In use of the linear winch shown in Figure 2, the forward and rearward assemblies grip and displace the rope alternately with one another to give a continuous displacement of the rope. The relatively slow extending stroke of each subsidiary puller-jack is used, as described above, to assist the wedges of the respective wedge assembly driving home and locating about the rope, before the main puller jack executes its stroke.

Claims (6)

1) A linear winch, comprising a first wedge assembly having a through-passage for receiving a rope and including a wedge arrangement and drive means for linearly displacing the wedge arrangement to cause the first wedge assembly to grip the rope, a second wedge assembly having a throughpassage for receiving the rope and including a wedge arrangement and drive means for linearly displacing this wedge arrangement to cause the second assembly to grip the rope, and drive means for linearly displacing the second wedge assembly linearly relative to the first wedge assembly, which drive means comprises a main drive and a slower subsidiary drive.

2) A linear winch as claimed in claim 1, further comprising a control means arranged to cause operation of the subsidiary drive as the drive means for each wedge arrangement displaces the respective wedge arrangement into gripping relationship with the rope, the displacement caused by the subsidiary drive being in a direction to assist in applying the respective wedge arrangement to the rope.

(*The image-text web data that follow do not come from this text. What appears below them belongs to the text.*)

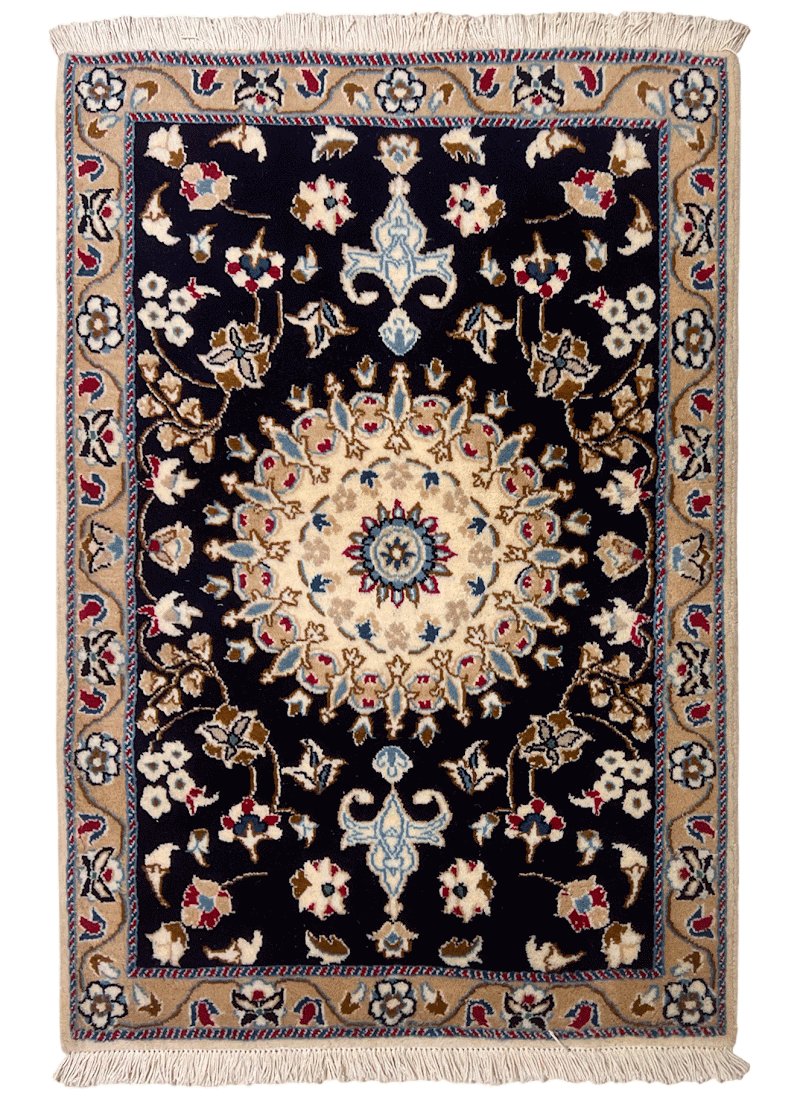 Alfombra SH1319 · Cenital oscura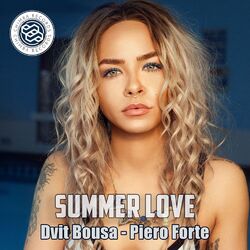 Cover of Summer Love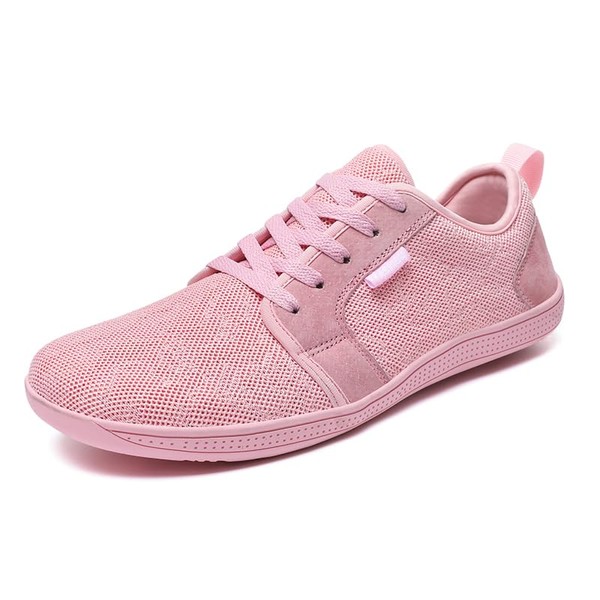 CIVHOM - Zapatos descalzos para mujer y hombre, zapatos anchos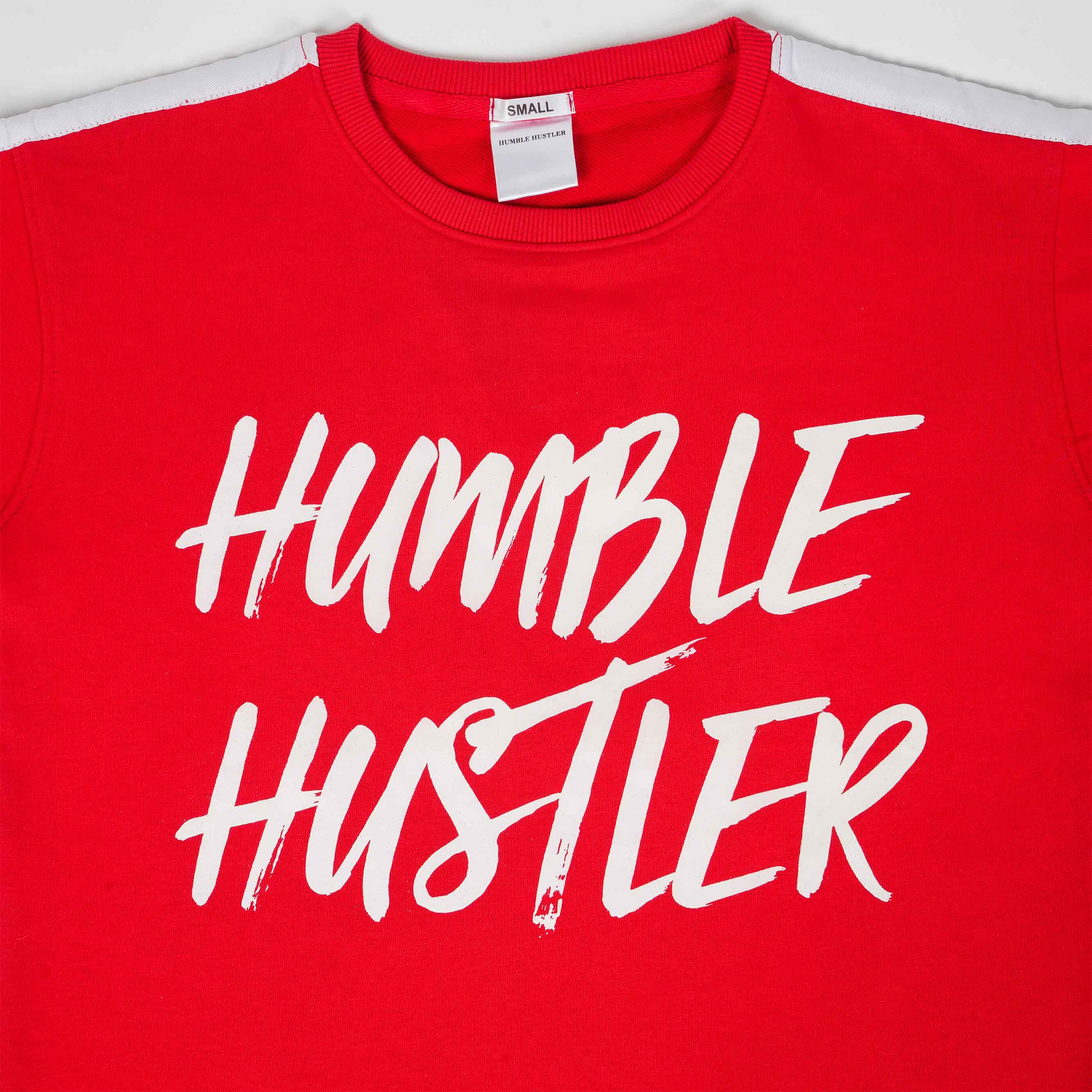 Humble Hustler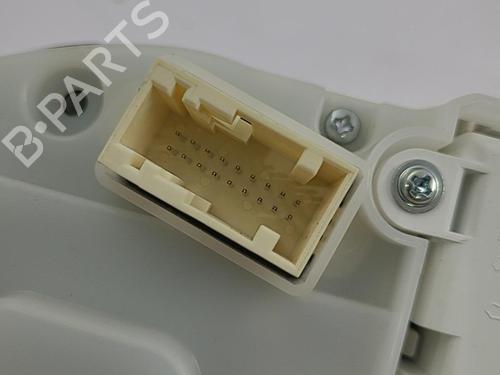 Instrument cluster PEUGEOT 208 I (CA_, CC_) 1.2 VTI 82 | BP22822638C47 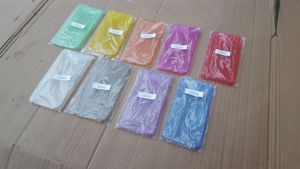 Set 9 huse   carcase protectie Apple iPhone 6 6s 7 8 (NOI) - imagine 3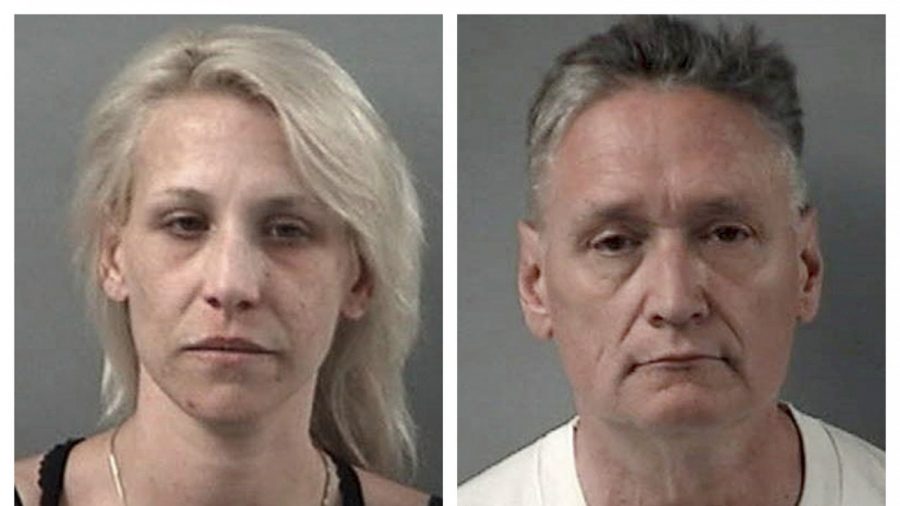 Parents of AJ Freund Allegedly Murdered Him for Lying About Soiling His Pants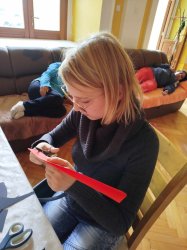 Udalosti z posledných týždňov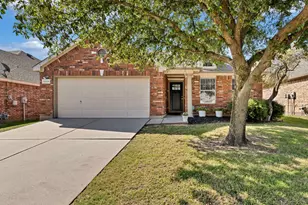 14124 Snaffle Bit Trail, Fort Worth, TX 76052 - Photo 1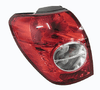 Outer Right Hand Side Tail Light FOR Holden Captiva 7 CG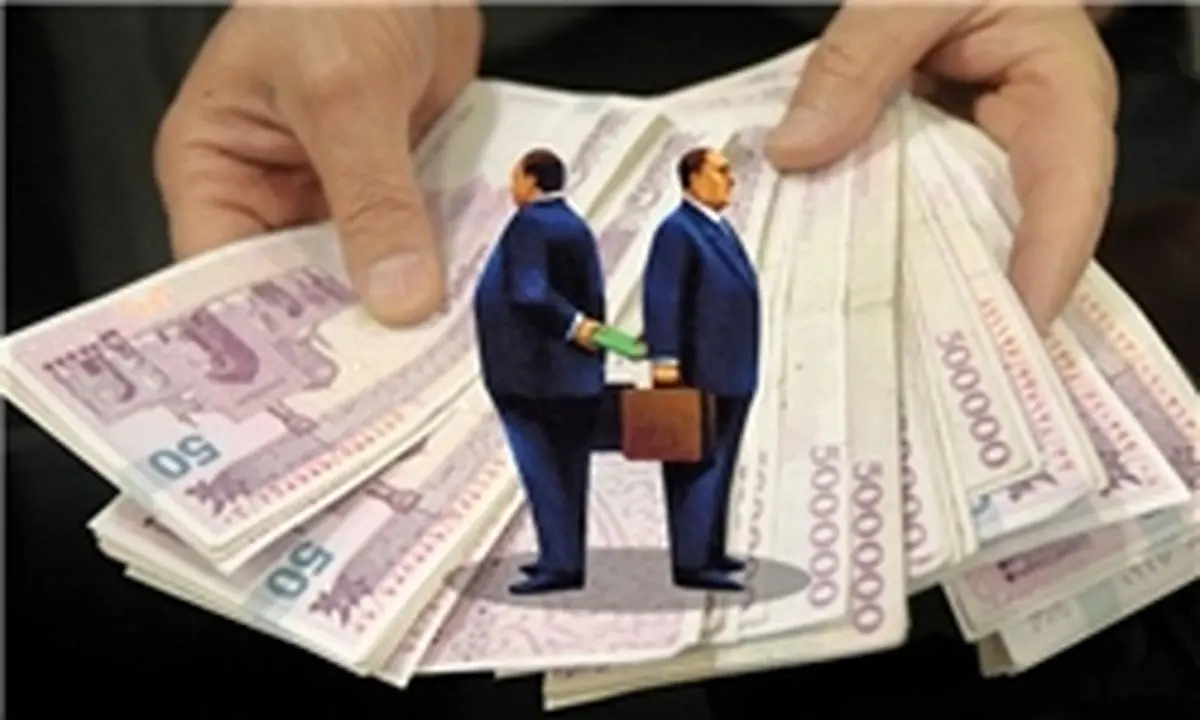 رمزگشایی از ۳ مفر قانونی پرداختهای نجومی به مدیران دولتی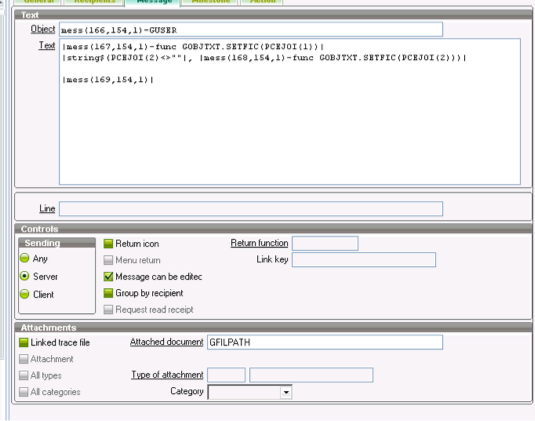 Sage ERP X3 Consultant Matralogix 5
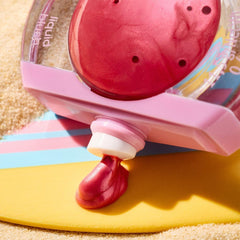 Essence Aloha, Babes! Liquid Blush Blush - XOXO cosmetics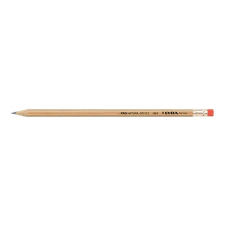  Grafitceruza LYRA Pro Natura HB hatszögletű radíros ceruza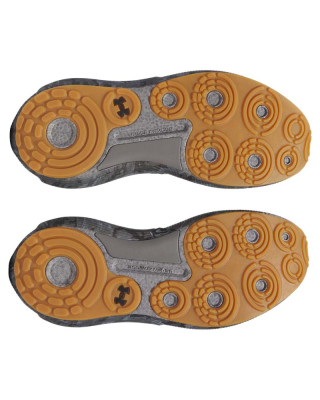 UA Phantom 4 Camo Unisex Shoes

3) A linear winch as claimed in class 2, in which the control means causes operation of the main drive after said operation of the subsidiary drive.

4) A linear winch as claimed in any preceding claim, arranged to effect intermittent displacement of the rope with the first wedge assembly gripping and holding the rope still as the second wedge assembly executes a return movement, whereafter the second wedge assembly takes over the gripping function before executing a stroke.

5) A linear winch as claimed in any one of claims 1 to 3, arranged to effect continuous displacement of the rope with each wedge assembly in turn gripping and displacing the rope whilst the other wedge assembly executes a return movement.

6) A linear winch substantially as herein described with reference to Figure 1 or Figure 2 of the accompanying drawings.